YOUR INSTRUCTIONS:
Set the records down again, exactly, without their images.

Extracted records
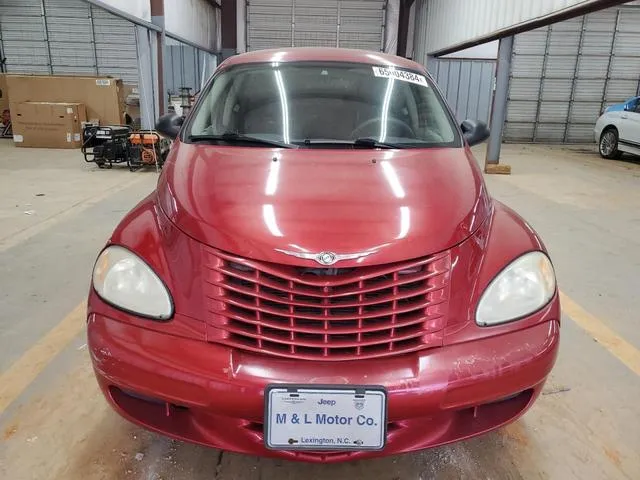 3C4FY48B94T295737 2004 2004 Chrysler PT Cruiser 5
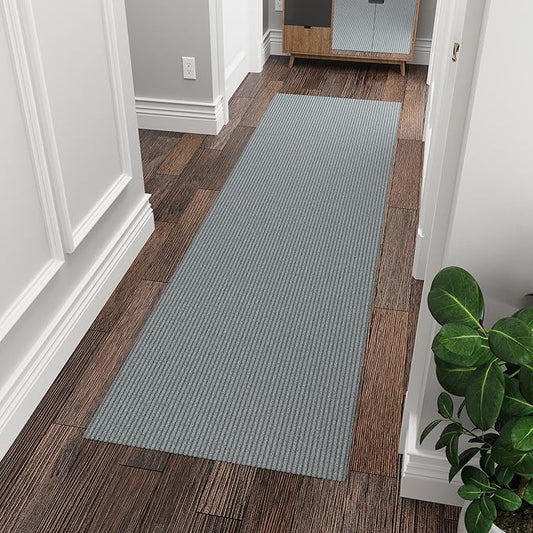 Ottomanson 2' x 10' Hallway Runner by Ottomanson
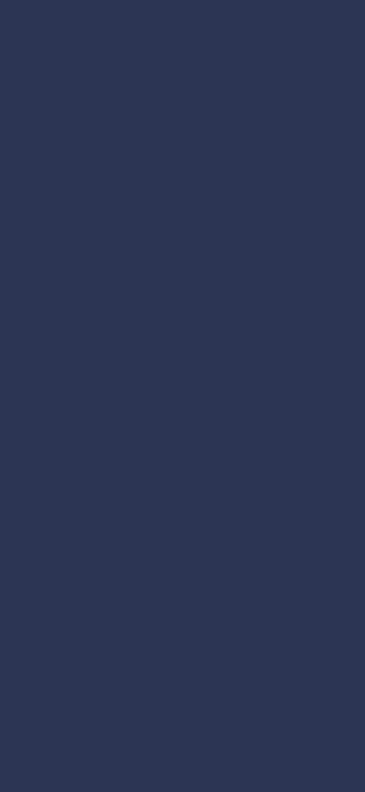 panel luxe azul indigo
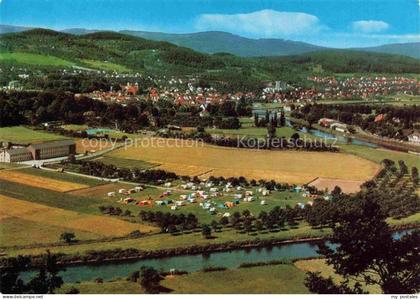 Witzenhausen Panorama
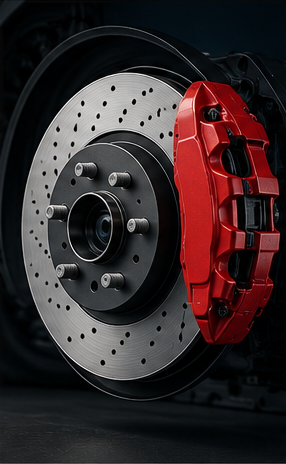Brake System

SOLUTION TO THIS TASK:
 3C4FY48B94T295737 2004 2004 Chrysler PT Cruiser 5
 Ottomanson 2' x 10' Hallway Runner by Ottomanson
 panel luxe azul indigo
 Witzenhausen Panorama
Brake System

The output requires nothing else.